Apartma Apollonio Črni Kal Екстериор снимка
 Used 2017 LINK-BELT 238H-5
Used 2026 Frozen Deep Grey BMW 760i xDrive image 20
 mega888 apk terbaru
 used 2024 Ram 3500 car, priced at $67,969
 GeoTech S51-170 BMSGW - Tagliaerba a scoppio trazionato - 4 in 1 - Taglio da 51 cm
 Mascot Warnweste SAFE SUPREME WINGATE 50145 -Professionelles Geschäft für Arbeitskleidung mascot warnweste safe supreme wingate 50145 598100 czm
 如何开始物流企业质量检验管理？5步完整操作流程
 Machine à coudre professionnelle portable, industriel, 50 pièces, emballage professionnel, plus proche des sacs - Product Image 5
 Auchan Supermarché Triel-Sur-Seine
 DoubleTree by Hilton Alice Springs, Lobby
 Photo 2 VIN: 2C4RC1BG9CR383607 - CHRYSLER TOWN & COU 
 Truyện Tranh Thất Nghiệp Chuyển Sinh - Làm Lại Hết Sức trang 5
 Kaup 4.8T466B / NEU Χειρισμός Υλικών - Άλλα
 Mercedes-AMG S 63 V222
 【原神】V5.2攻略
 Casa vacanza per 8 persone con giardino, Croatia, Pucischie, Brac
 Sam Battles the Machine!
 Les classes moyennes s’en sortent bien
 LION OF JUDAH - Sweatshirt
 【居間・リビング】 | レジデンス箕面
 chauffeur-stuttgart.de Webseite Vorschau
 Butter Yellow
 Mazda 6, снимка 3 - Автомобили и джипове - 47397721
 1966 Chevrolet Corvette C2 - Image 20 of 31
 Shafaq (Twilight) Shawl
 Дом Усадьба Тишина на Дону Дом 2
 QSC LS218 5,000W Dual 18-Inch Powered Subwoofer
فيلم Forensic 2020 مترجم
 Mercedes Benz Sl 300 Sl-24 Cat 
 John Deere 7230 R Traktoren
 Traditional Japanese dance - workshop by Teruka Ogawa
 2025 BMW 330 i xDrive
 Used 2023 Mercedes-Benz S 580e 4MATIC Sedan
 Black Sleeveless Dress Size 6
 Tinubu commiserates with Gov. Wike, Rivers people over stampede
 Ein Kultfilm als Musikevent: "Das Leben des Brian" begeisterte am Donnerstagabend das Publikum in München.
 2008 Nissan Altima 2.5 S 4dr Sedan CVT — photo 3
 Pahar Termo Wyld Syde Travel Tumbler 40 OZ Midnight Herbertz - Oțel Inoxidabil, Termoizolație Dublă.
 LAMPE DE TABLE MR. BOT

-*-*-

What you should do: Once the line containing "DoubleTree by Hilton Alice Springs, Lobby" has been set down, nothing more is wanted; set down each line of the listing above up to it exactly, starting with the first.

Answer for the task:
Apartma Apollonio Črni Kal Екстериор снимка
 Used 2017 LINK-BELT 238H-5
Used 2026 Frozen Deep Grey BMW 760i xDrive image 20
 mega888 apk terbaru
 used 2024 Ram 3500 car, priced at $67,969
 GeoTech S51-170 BMSGW - Tagliaerba a scoppio trazionato - 4 in 1 - Taglio da 51 cm
 Mascot Warnweste SAFE SUPREME WINGATE 50145 -Professionelles Geschäft für Arbeitskleidung mascot warnweste safe supreme wingate 50145 598100 czm
 如何开始物流企业质量检验管理？5步完整操作流程
 Machine à coudre professionnelle portable, industriel, 50 pièces, emballage professionnel, plus proche des sacs - Product Image 5
 Auchan Supermarché Triel-Sur-Seine
 DoubleTree by Hilton Alice Springs, Lobby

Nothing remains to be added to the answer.